La monarquía española vive ese sentimiento de esperanza de los condenados a muerte: Espera el indulto salvador en el último minuto, el gesto audaz que la libere de su agónico final.
Esperanza inútil. En cascada cae el andamiaje que la sostenía y la protegía después de la muerte de Franco. El “prestigio” del Rey, la “pulcritud” de la familia real, la prensa alcahueta de las conductas desaforadas o delincuenciales, el bipartidismo que garantizaba la seguridad de las cuotas de poder y la defensa de los intereses del gran capital. La gran mascarada de Felipe González y José María Aznar: “España va bien” muestra hoy sus costuras: la seguridad social en bancarrota, la persistente crisis económica, los desalojos de vivienda, el desempleo, el surgimiento de una nueva fuerza emergente dotada de un discurso impugnador y revolucionario, etc. Todo empuja al abismo a esa institución caduca y pintarrajeada que luce los ribetes de un teatro absurdo.
Se juega entonces la última carta. El Rey abdica a favor del príncipe Felipe, con una juventud que proyecte la idea del relevo generacional y casado con una plebeya para remozar la monarquía con aires de pueblo. Toda la prensa española se lanza a vender el nuevo producto: “El último sacrificio de Juan Carlos por la democracia”; “un monarca necesario”; “primera Reina plebeya en la historia de España”, “un Rey joven y preparado para las nuevos retos del país”, etc. La televisión rosa y monárquica arma su sainete de bombos y platillos, derritiéndose en la imagen adelantada de la coronación.

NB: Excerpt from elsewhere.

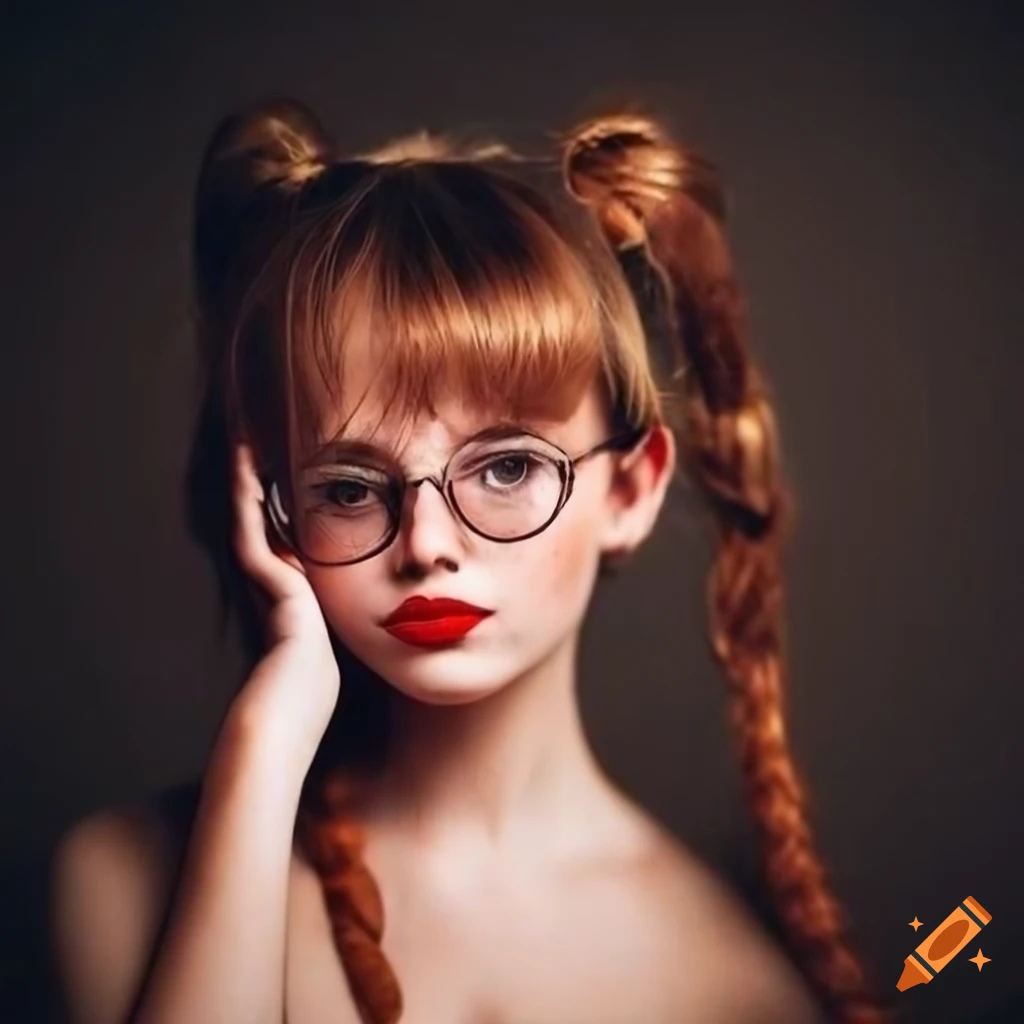 stylish girl with pigtails, freckles, and glasses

Pero, el fracaso asoma pronto. Sólo hizo falta que Pablo Iglesias, el líder de Podemos, dijera: “Si Felipe quiere ser Jefe de Estado que acuda a unas elecciones. Este es una oportunidad histórica para que España avance hacia una verdadera democracia”. De inmediato se encendieron las conciencias republicanas, se activaron las redes sociales y se llenaron las plazas del país desbordadas por un solo grito: ¡Democracia! ¡Todo el poder para el pueblo!